None of the existing ones work for me. I deal with Argentine ants, and they’re relentless:
The liquid bait needs to stay hydrated to stay attractive.
I need to see activity easily and refill quickly without disturbing them.
Model Features:
Open design: No cover. Watch the action.
Side handle: Easy to move, easy to refill.
Wide rim: Catches drips and helps prevent mess.
Shallow trough: Maximizes use of the bait with minimal waste.
Why not just use Painter's Tape?
I used this for years. Not terrible but tape is definitely messier and hard to move cleanly.
Fresh tape has no pheromone trail, so ants ignore it until they rediscover it.
Tape can leak after long exposure to liquid bait.
Plastic stations can be repositioned. Start anywhere, then shift closer to walls or corners.
Once ants have accepted a station, they leave pheromones on it, so you can move an active station to a stubborn trail and instantly get results.
These stations are reusable, clean, and easy to move.
Printing tips
Use a textured build plate, they tend to produce water tight bottom layer.
Prefer light-color filament so you can see the ants ..
.. or .. blend the stations with the floor so less of an eye sore.
Prefer PLA. PETG sticks too well to PEI plate.
Quick Guide: Baiting Argentine ants
I’m in the Bay Area, California, where Argentine ants have a massive supercolony. If you have tiny brown ants invading in lines, you probably have them too. Key facts:
One queen per ~120 workers, each laying ~60 eggs/day.
Multiple nests working as a single supercolony, not just one nest to wipe out.
Most commercial advice ignores the science.
Here’s what actually works:
Step 1: Use Liquid Borax Bait (Not Granules or Peanut Butter Bait)
Bait: sugar + water. This is what Argentine ants love to eat. They slurp it up in a crop and transport back to the nest and share it. These ants can be thirsty and just go for water, but they won't go for crystalized sugar. As it dries out, they lose interest.

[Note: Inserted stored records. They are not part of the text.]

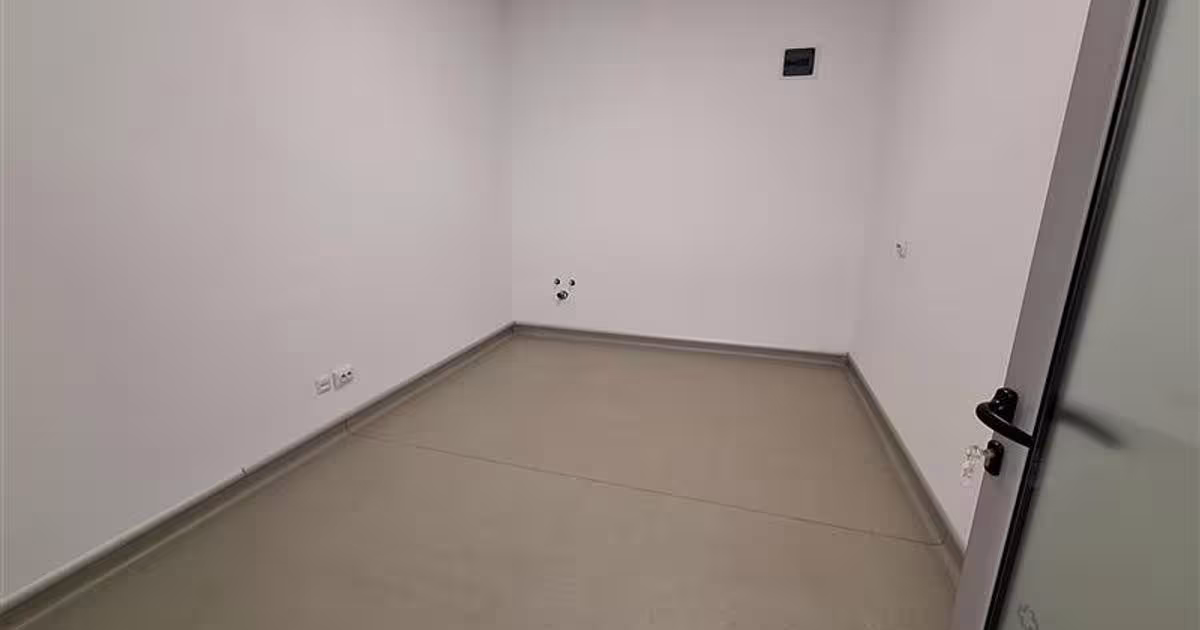 Spațiu comercial 12 mp în zona 9 Mai, Bacău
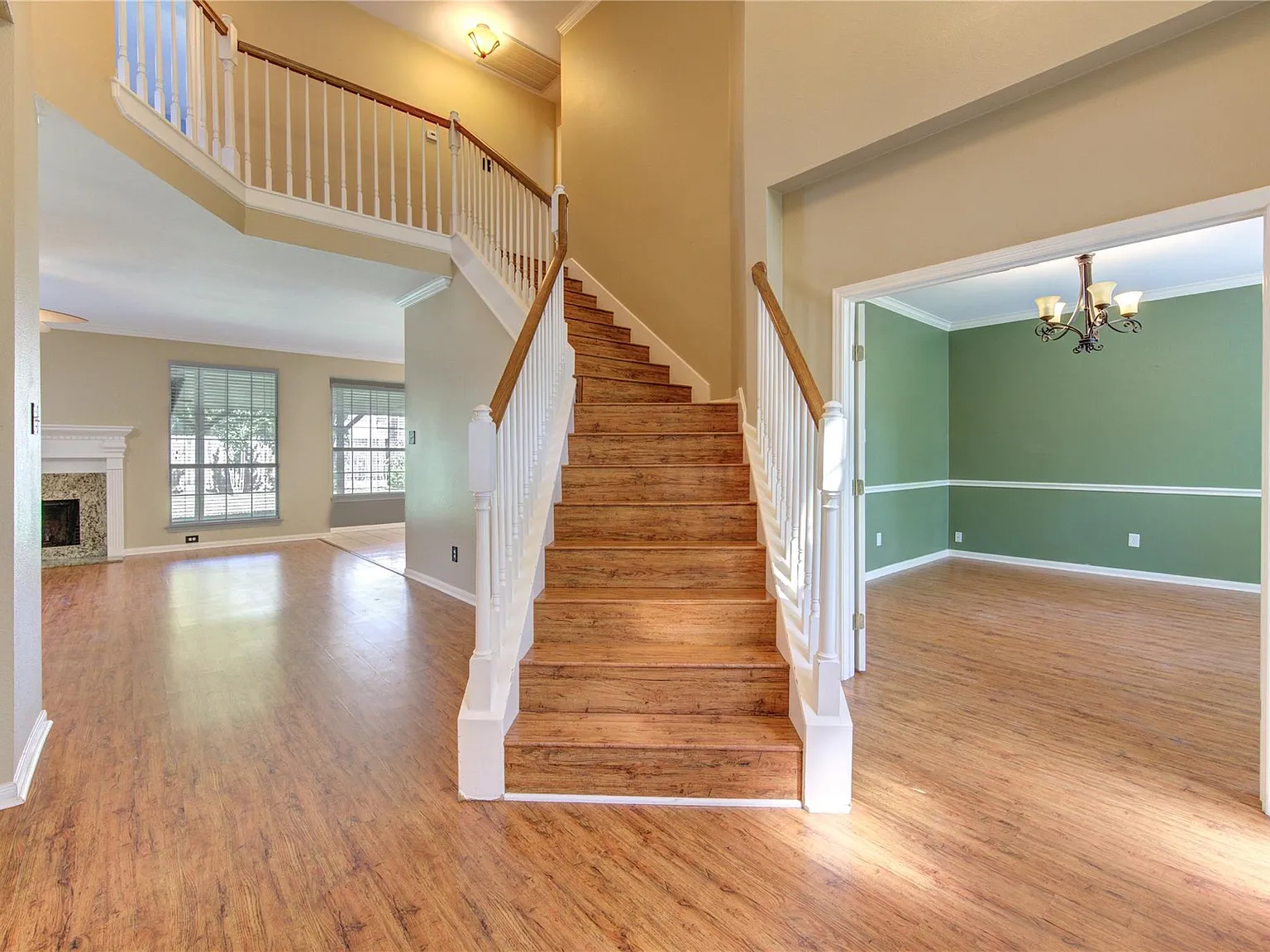 4 bed, 2.5 bath, 2566 sqft, $2,600 — Photo 4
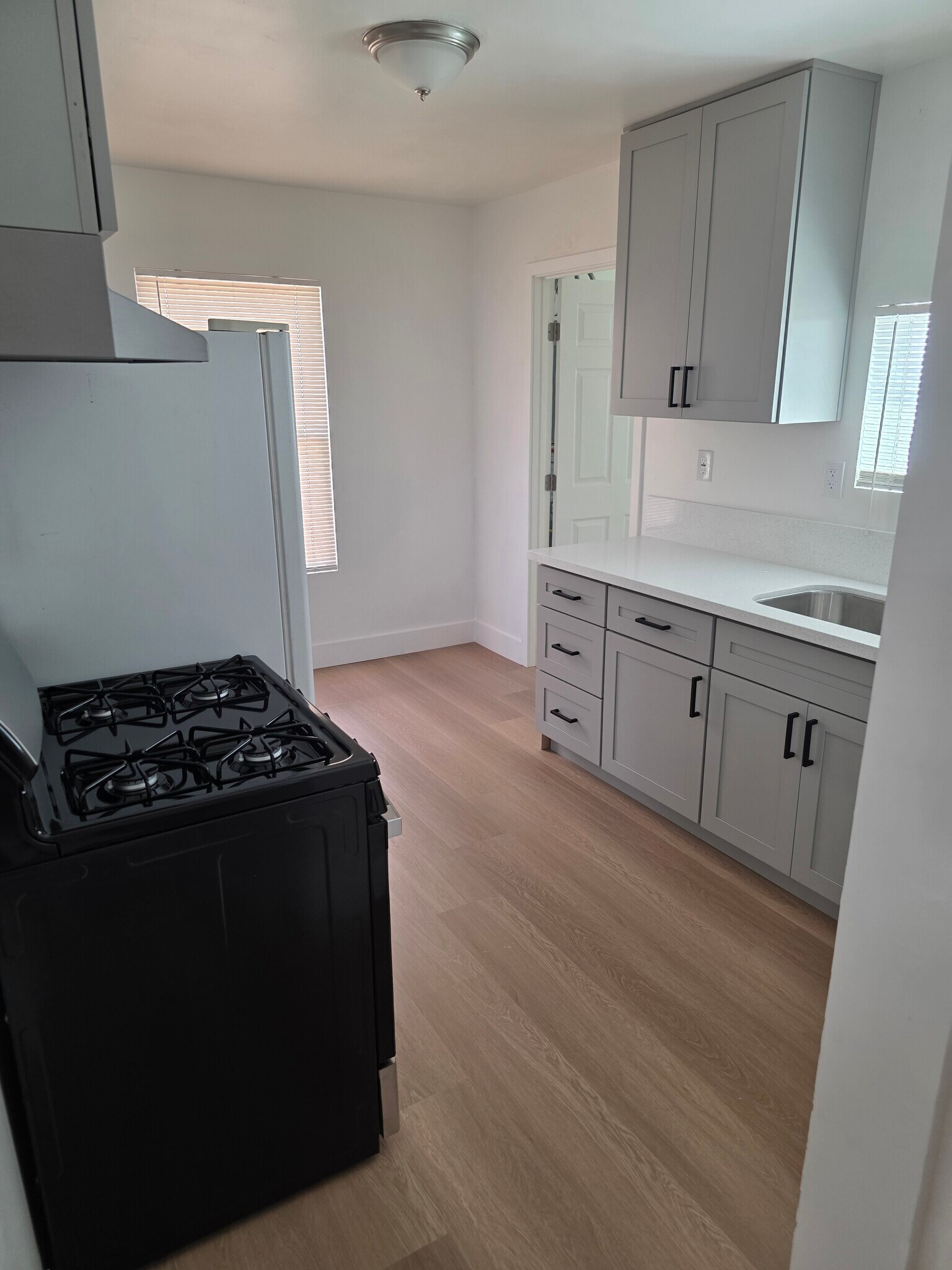 Building Photo - 1305 G St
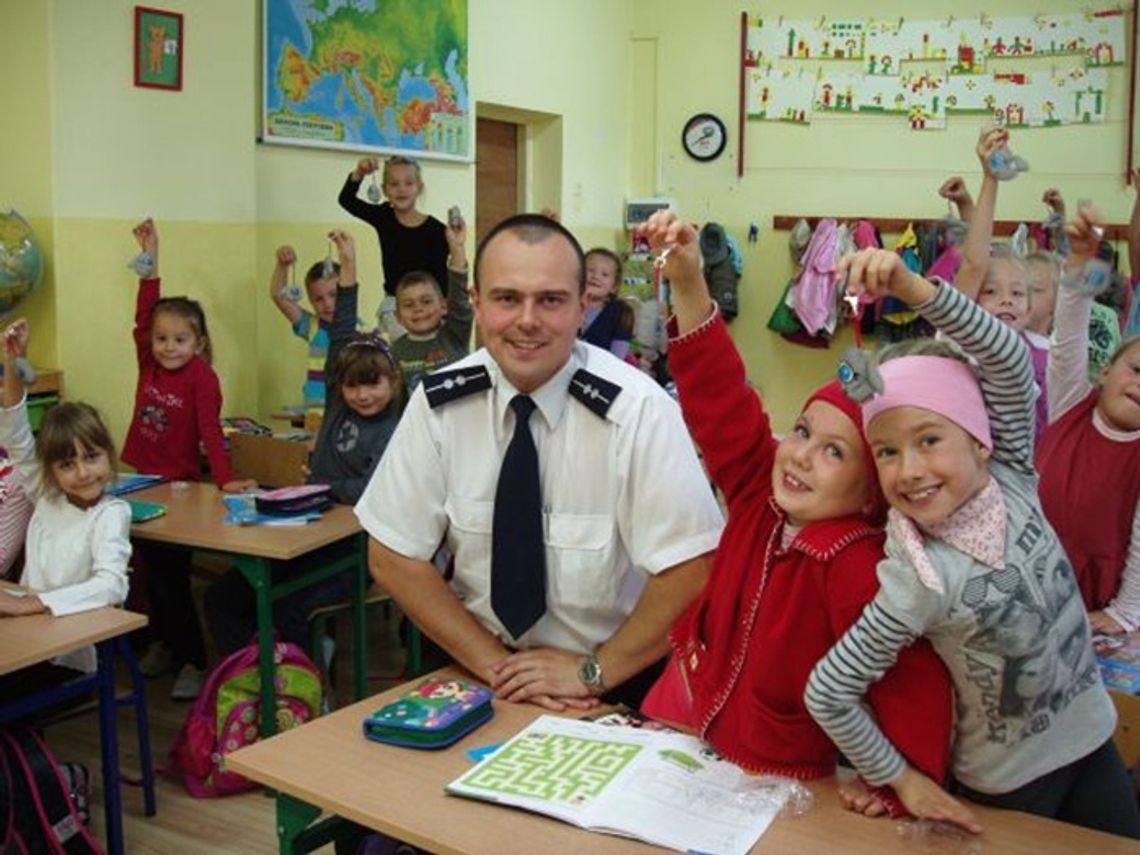 Bohater kreskówki uczy bezpieczeństwa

Poison: borax. The higher the dose, the less they like it. And too little and it won't be toxic, too much and the ants will die too quickly.
Recipe (optimal range):
25% sucrose water → about 2 tsp sugar to 5 tsp hot water.

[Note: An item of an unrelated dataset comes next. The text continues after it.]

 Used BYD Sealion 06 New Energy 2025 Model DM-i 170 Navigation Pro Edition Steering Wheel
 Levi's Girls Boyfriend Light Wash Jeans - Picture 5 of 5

Borax at 0.7 – 3% → low enough to keep workers alive, long enough to spread it.
Key to remember: as the liquid bait sits out, water evaporates but the borax and sugar stay behind, so the solution becomes more concentrated over time. What starts as the right strength can become too strong and repel ants or kill them before they can share it.
⚠ Why not Terro Ant Killer as-is?
It is not optimal for Argentine ants, and only gets worse as it is left to dry.
Too thick - dries quickly and loses appeal.
Too strong - 5.4% borax kills workers too fast. You really want them transporting your laid out goodies back to the nest.
Misleading results. Terro often looks like it worked. The first wave of workers die and activity stops. But the colony isn’t gone, only temporarily suppressed. Scouts will constantly come back and are disinterested in the now-too-dry bait. They rebuild pheromone trails into your home for another surge and strike again.
Terro is shelf stable though. A diluted version won't be.
If you only have Terro,add sugary water to bring down concentration, for example:
2 tsp sugar
5 tsp hot water
1 Terro bait station (0.36 fl oz / 11 cc) (2 tsp)
will yield ~1.5% borax. This gives you room to add water later and remain toxic. Or skip Terro entirely and mix your own with store-bought borax.
Step 2: Keep the Bait Fresh
Argentine ants may keep coming for weeks, they have endless nests.
I’ve had a single bait spot active for 3 weeks straight (I'm probably feeding the whole neighborhood).
Add a few drops of fresh bait or just water daily to keep it moist, they’ll go wild for it again.